Personal information
- Born: 13 October 1999 (age 26) Schiltigheim, Alsace, France
- Height: 152 cm (5 ft 0 in)

Gymnastics career
- Discipline: Women's artistic gymnastics
- Country represented: France (2012-2016 (France))
- Club: Comb la ville
- Gym: INSEP
- Head coach: Veronique Legras Snoeck

= Camille Bahl =

French artistic gymnast

Camille Bahl (born 13 October 1999) is a French artistic gymnast and former gymnast of the French national team. She represented France at the 2014 Summer Youth Olympics and the 2015 European Championships.

== Personal life ==
Camille Bahl was born on 13 October 1999, in Schiltigheim. She began gymnastics at the age of five in Oberhoffen-sur-Moder and was recruited to join the Union Haguenau club. She began training at the INSEP in the summer of 2014. She speaks French, English, and German.

== Career ==
=== Junior career: 2013–2014 ===
Bahl finished 7th in the junior all-around at the 2013 French Championships, and Union Haguenau won the team silver medal. At the 2014 French Championships, she finished 5th in the all-around and won the silver medal on vault behind Loan His, and Union Haguenau finished 4th. At a friendly meet against Romania and Belgium, the French team finished 3rd, and Bahl finished 6th in the all-around and won the bronze medal on the vault. She competed at the 2014 Junior European Championships alongside Loan His, Marine Boyer, Océane Pause, and Juliette Bossu, and they finished 7th as a team. She was then selected to compete at the 2014 Youth Olympic Games where she finished 8th in the all-around final. Her last competition of the season was the Élite Gym Massilia, where she finished 6th on vault, 8th with her team, and 24th in the all-around.

=== Senior career ===
==== 2015–2016 ====
Bahl made her senior debut at the 2015 French Championships, where she won the gold medal on the vault and finished 4th in the all-around. She competed at the 2015 City of Jesolo Trophy, where the French team finished 4th, and Bahl finished 4th on the vault and 8th on the floor exercise. She competed at the 2015 European Championships where she finished 7th in the vault event final. She competed at a friendly meet where the French team lost to Romania. Then at a friendly meet against Spain, the French team won, and Bahl won the gold medal on vault. She was the alternate for the French team at the 2015 World Championships. She won the bronze medal on vault at the Elite Gym Massilia and finished 4th in the all-around.

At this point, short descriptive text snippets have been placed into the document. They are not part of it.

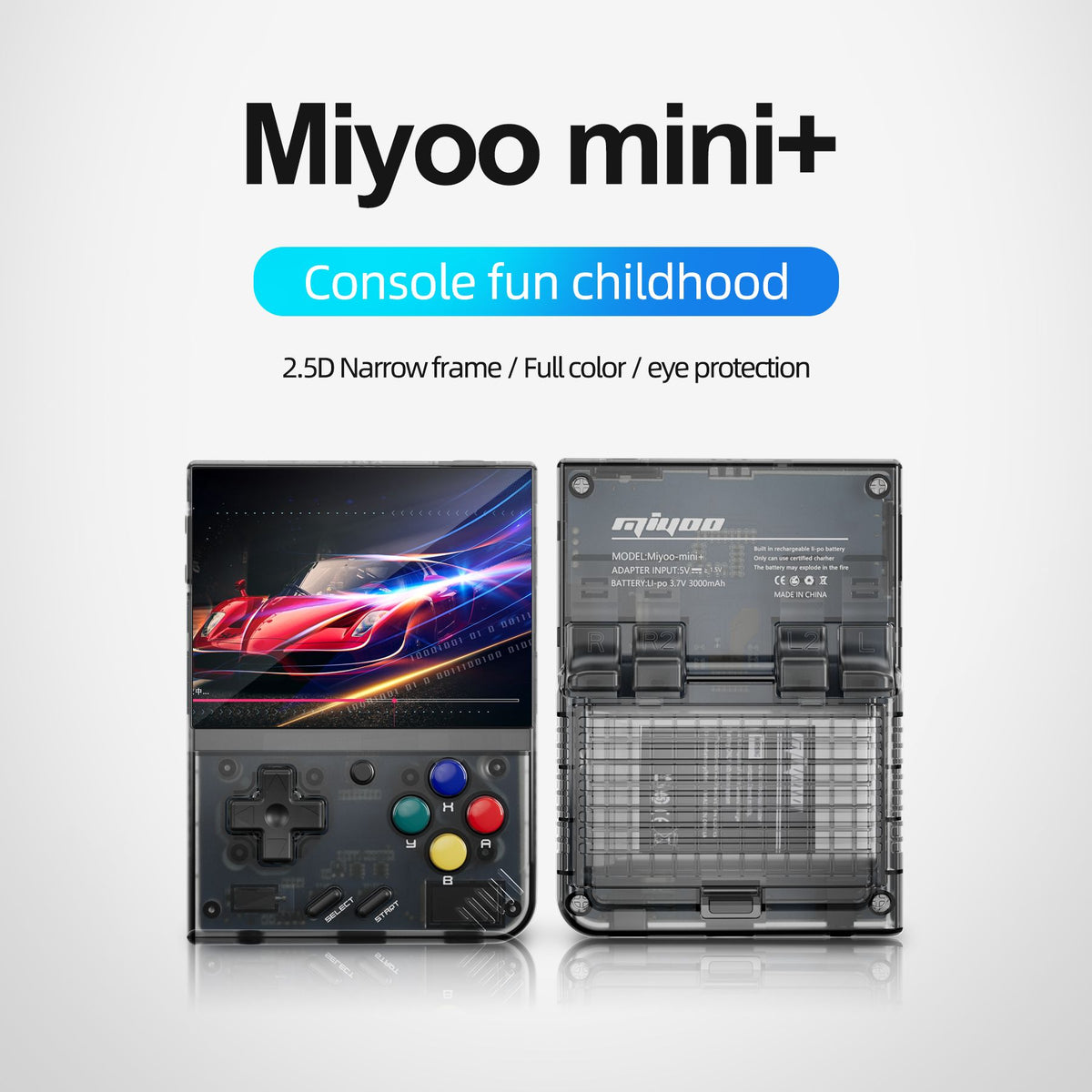 MIYOO Mini Plus Retro Pocket Emulator 3.5" OCA IPS Screen Handheld Console  3000mAh Multi Emulator Video Player for Miyoo35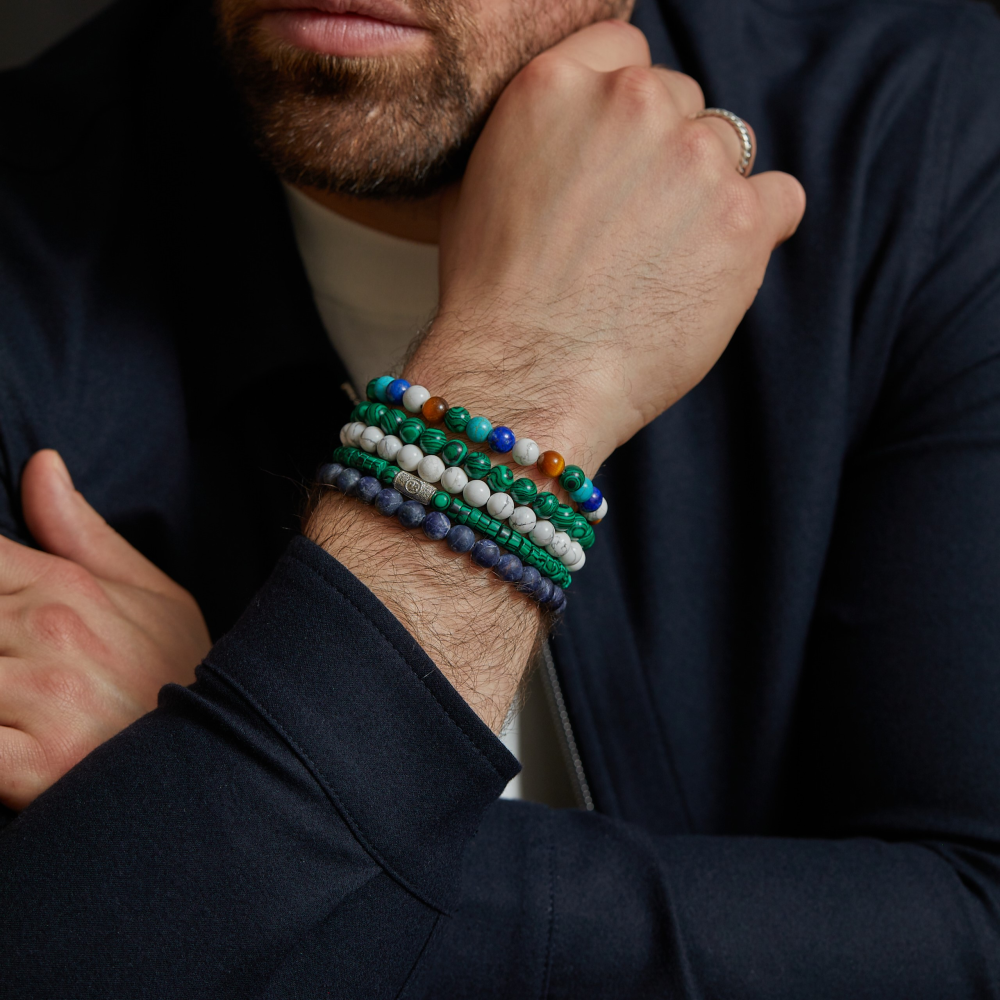 Matt Midnight - 8mm - Bracelet pour homme en perles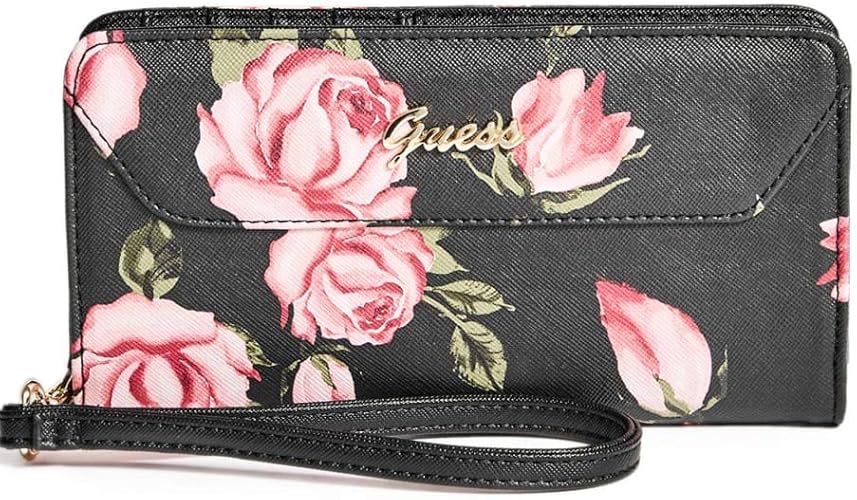 guess wallet pink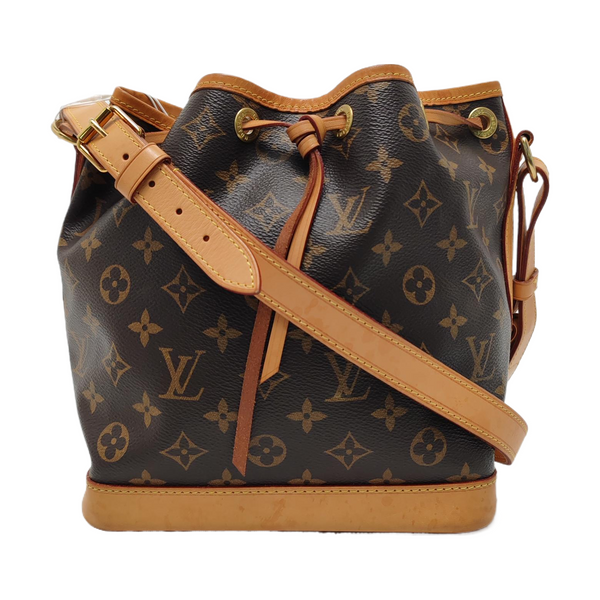 NOÉ BB Monogram Coated Canvas Brown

Bahl competed at the 2016 City of Jesolo Trophy, where the French team finished 4th. She pulled out of the Olympic Test Event and France's Olympic Trials due to an ankle injury. She continued to struggle with injuries and initially retired in March 2017.

==== Comeback: 2018–present ====
Bahl returned to competition in December 2018 at the Top 12 Series 2, where she only competed on the balance beam and helped Haguenau beat Combs la Ville.

In 2021, after a break, she returned to competition with her new club "Combs la Ville" and has since competed in the Top 12 Championships. At most meets she doesn't compete on bars.